It's a year later, and Mark Kulick is gradually pulling his life back together from the recession of 2001. But as with the economy, full recovery isn't coming easily.

Kulick, 45, laid off as a maintenance mechanic in the summer of 2001, enrolled in community college near his home in West Scranton, Pa., and is on track to get a degree in electrical engineering technology next spring. His confidence, though, remains shaky and job prospects uncertain.

"I feel I'm able to cope right now," he said. "But I don't think I'll be able to gain any kind of strength until I'm permanently employed."

The story is much the same for the U.S. economy. After being socked by the potent combination of a recession and the Sept. 11 attacks in 2001, the world's leading economy climbed back up tentatively in 2002 but remained sluggish and shadowed by doubt at year's end.

Unemployment is back at an eight-year high, consumer confidence has dropped in the last six months and 401(k) statements are still painful to look at. Those "Dow 10,000" caps the New York Stock Exchange handed out in the golden investing days of 1999 aren't ready to come out of mothballs yet.

While some economic signs are positive and a double-dip recession seems unlikely, most experts don't see a full-blown recovery before the second half of next year.

"We had almost everything you could hit us with between 2001 and 2002 - Sept. 11, corporate malfeasance, the war on terrorism, Iraqnophobia, a dock strike," said Diane Swonk, chief economist for Chicago-based Bank One.

"The economy proved much more resilient than anybody thought, and prospects are better for more balanced growth next year. But it will probably be another six months before we start to feel a tingle about the economy again."

The tight job market has many on edge. The economy, while inching forward, isn't growing fast enough to create new jobs needed to absorb a growing pool of people looking for work.

Kulick is one of several job-cut victims interviewed for an Associated Press story in December 2001 about the economic travails of that year.
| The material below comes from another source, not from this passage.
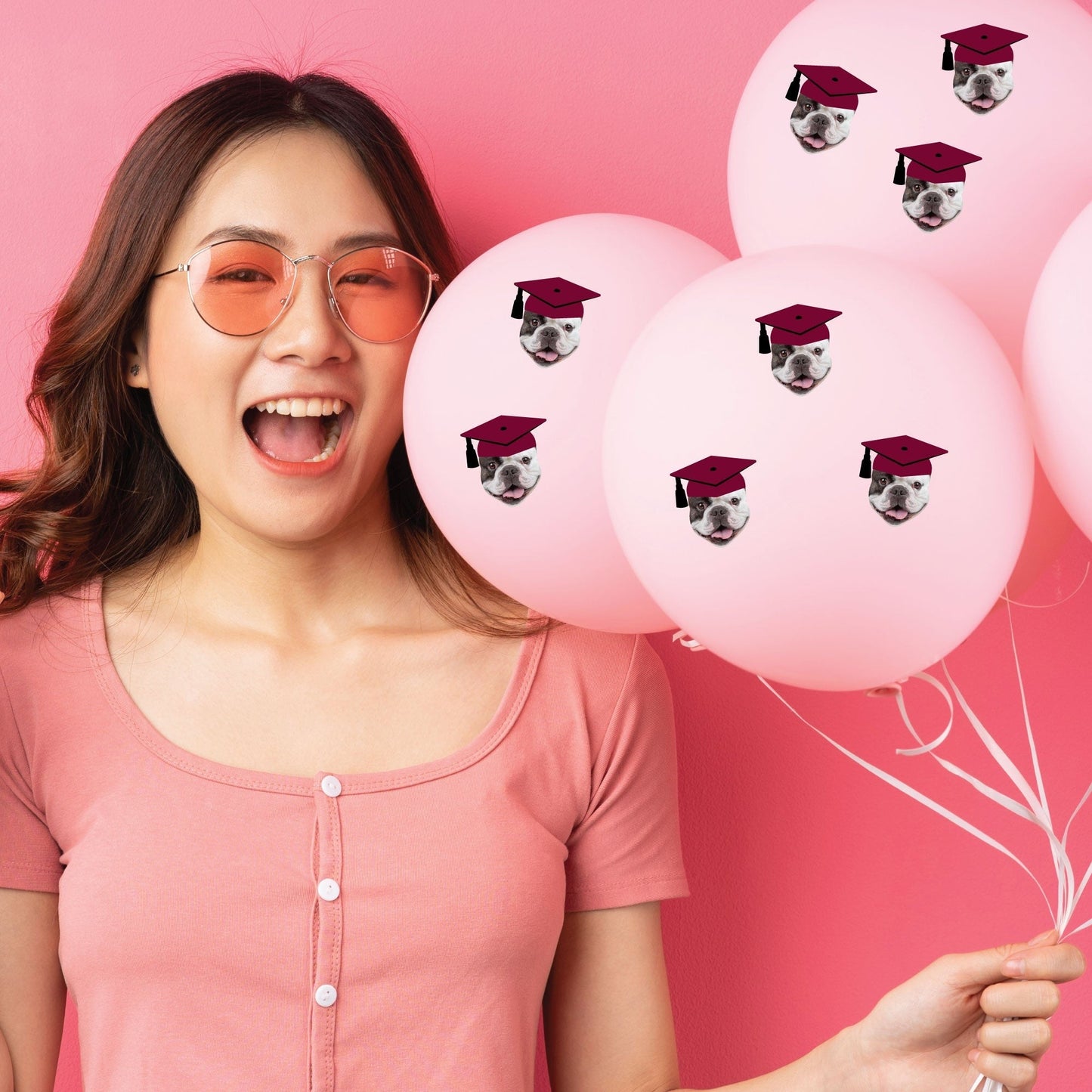 Custom Maroon Grad Cap Fun Face Cut-Out Stickers - Set of 24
Contacted a year later to see how they were faring, several cited a common sentiment they'd felt during the difficult months of unemployment: fear.

For Kulick, it wasn't just about the money or having to scramble for temporary work while also maintaining a 3.9 grade-point average as a full-time college student. It was about having to redefine himself and invent a new calling in the second half of his working career, all in a changing economy.

"It was a very frightening experience," said the second-year student at Luzern County Community College in Nanticoke, Pa. "Once you put 25 years in the same job, you kind of feel your life is never going to change.

"Losing that security caused a lot of problems for us. I was thrown into a completely new environment, financially and socially. Working is a lot of who you are."

Kulick and his coworkers at Thompson Consumer Electronics used to joke that they'd end up flipping burgers at the fast-food place down the street if the economy went sour. Now, he said grimly, the joke has turned to reality for some of them.

The unemployment rate jumped back to 6 percent in November, delivering what one analyst called a "cold, hard slap in the face" about the economy, and is expected to rise as high as 6.5 percent. Concerned about a possible war with Iraq and their own sinking stock prices, corporations and businesses are showing extra caution in staffing and costs. Manufacturing remains in recession, with employment in the nation's factories continuing to decline.

In the face of that bleak outlook, Michael Stanchina was thankful to land a job this fall as a tube bender at a tire plant in his home town of Fairview, Mich.

Stanchina, 50, scoured a large area for work after losing his 28-year manufacturing job. It still took him a year to find a permanent job, and for less pay -- a year in which he fought forest fires, did road construction, spent months on unemployment and tried to stay positive.

"I consider myself lucky," he said. "I take one day at a time, and as long as I've got a job and paycheck after two weeks, and insurance, I'm happy. You feel good when you can make your bills and you've got a little money in your pocket."

That positive attitude among consumers has kept the economy from stalling. Consumer spending and borrowing, which accounts for two-thirds of all U.S. economic activity, has forestalled what could otherwise have been a slide back into recession.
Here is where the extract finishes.